Jmart on 18th Avenue at 82nd Street opened this Saturday.
People came on foot, by car, by bicycle, and the place was packed, testing parking lot’s capacity and layout (the one entrance and exit onto 18th Ave is going to be problematic, especially for left turns). But on Saturday they were not charging for parking.
The supermarket was overrun by customers on Saturday afternoon, and the following is a glimpse of offerings, by no means comprehensive. Some thoughts at the end.
There is lots of fresh produce:
There were great deals to be had on everything, from corn, to rice, to watermelons and more.
Rows of frozen delicacies:
Though at times the sheer number of choices and customers was overwhelming.

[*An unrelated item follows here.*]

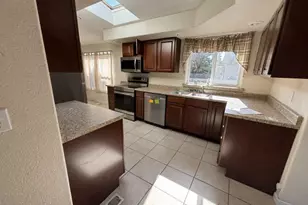 1209 NW Bayshore Dr, Waldport, OR 97394 - Photo 2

There are big fish and meat sections:
Lots of dried prawns and more:
Lines to checkout were moving slow and wrapped around the fresh produce section.

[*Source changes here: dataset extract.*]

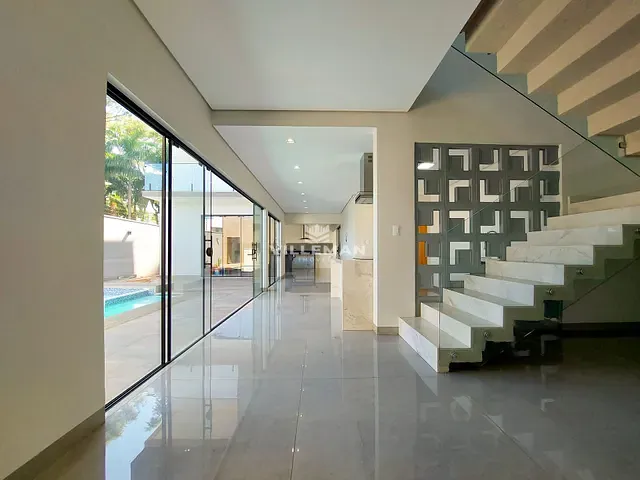 Casa com 308m² 4 quartos e 5 banheiros, à venda, no bairro Jardim Michelangelo em Maringá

There were whole isles stocked with just soy sauce, ramen and candies:
There were regular eggs, along with fresh and preserved quail and duck eggs.
For those looking for non-asian products, there is bread, polish kielbasa, cereal and ice cream, as well as tons of fresh fruit and veggies.
I will certainly be back, most likely with a neighbor in tow who can explain what is what – there is much to learn for the uninitiated.
Neighbor Carmen Molina says she was pleasantly surprised at their “large shelf of Goya Foods… It’s like having the selection present and divided among all the small stores in the neighborhood in one: red, white, black, pinto beans, Jasmine, white, brown, large, medium, basmati rice, lentils, coconut milk, corned beef, roast beef, potted meat, four types of Spanish olives, mojo criollo, cooking wine, olive oil, adobo and boxed Spanish yellow rice. Also there are other latino brands, like Maggi and Canilla.”
This does not sound good for the future of the small stores.
Shoppers were glad with the variety, and happy with the deals. Their regular prices were in line with other neighborhood markets: 2 big mangos for $3.99 and $0.89 per pound of papaya. The products seemed to be about 80% asian, a mix of Japanese, Korean and Chinese for certain, but I did not succeed at exploring the entire store and I’m sure I missed some.
“Even for us this is overwhelming, because they have not just Chinese but Korean and other asian countries produce in the same place. For one thing now you have many options”, a Chinese family with three generations present concurred.
Judging by the crowds, this store will do very well.